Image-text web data
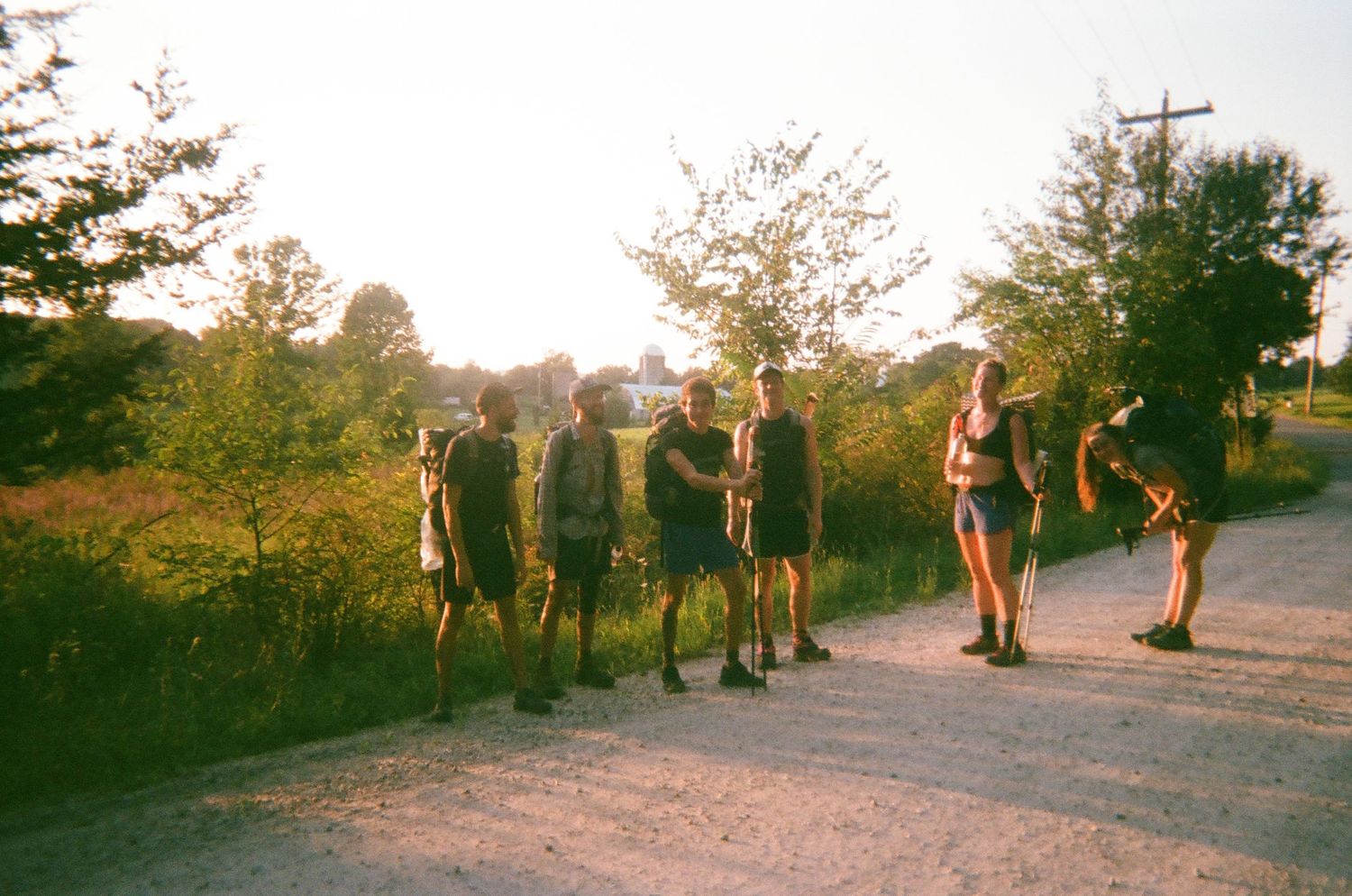 Group of hikers walking along a dirt path during golden hour.
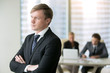 © fizkes - Portrait of a young serious businessman thinking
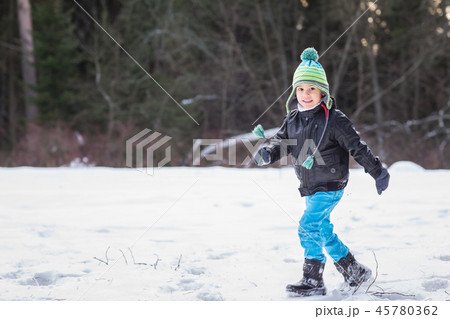 Handsome young boy in the winter forest. 45780362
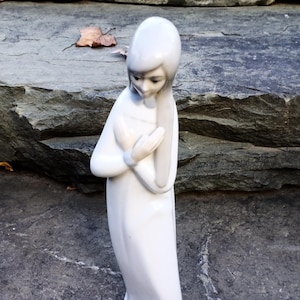 Vintage Casades Girl Standing in Prayer with Hands Crossed, Spain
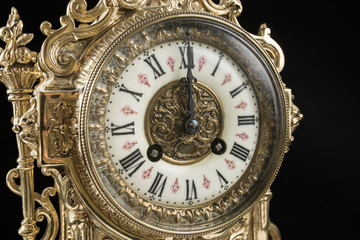 Fototapeta na wymiar dial of vintage bronze clock on black background, antique clock photo close up, old bronze clock in gilding, twelve o'clock on the dial 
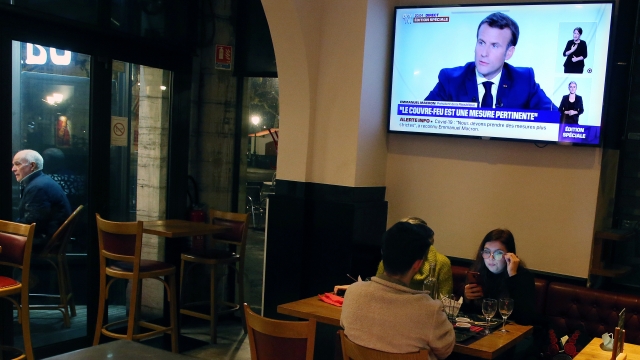 People dine at a restaurant as France's President Emmanuel Macron gives an address on television on Wednesday, Oct. 14, 2020.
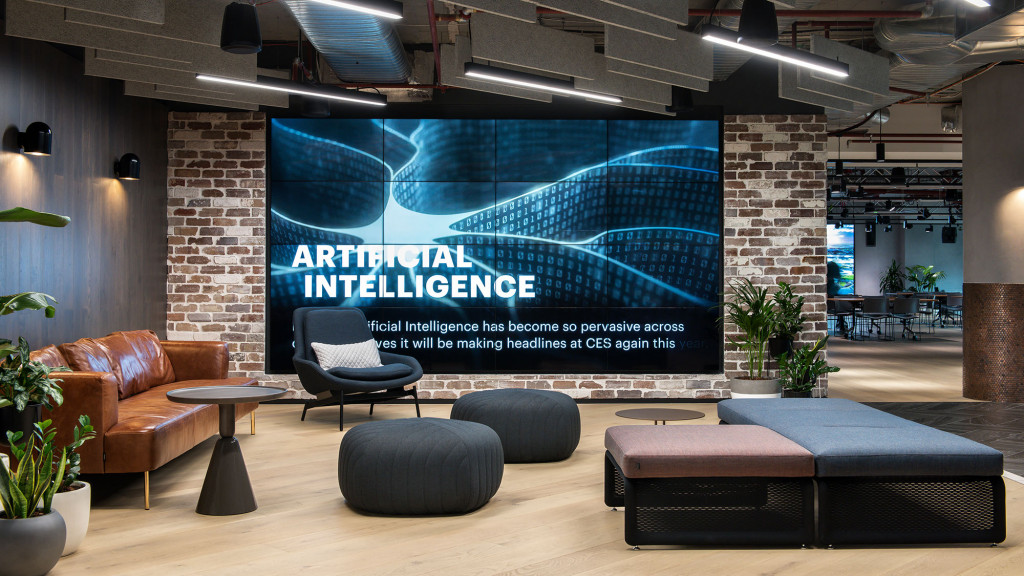 A room with a screen and chairs.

# EXERCISE DESCRIPTION:
Output the data above exactly, excluding images.

# RESPONSE:
 Group of hikers walking along a dirt path during golden hour.
 © fizkes - Portrait of a young serious businessman thinking
 Handsome young boy in the winter forest. 45780362
 Vintage Casades Girl Standing in Prayer with Hands Crossed, Spain
 Fototapeta na wymiar dial of vintage bronze clock on black background, antique clock photo close up, old bronze clock in gilding, twelve o'clock on the dial 
 People dine at a restaurant as France's President Emmanuel Macron gives an address on television on Wednesday, Oct. 14, 2020.
 A room with a screen and chairs.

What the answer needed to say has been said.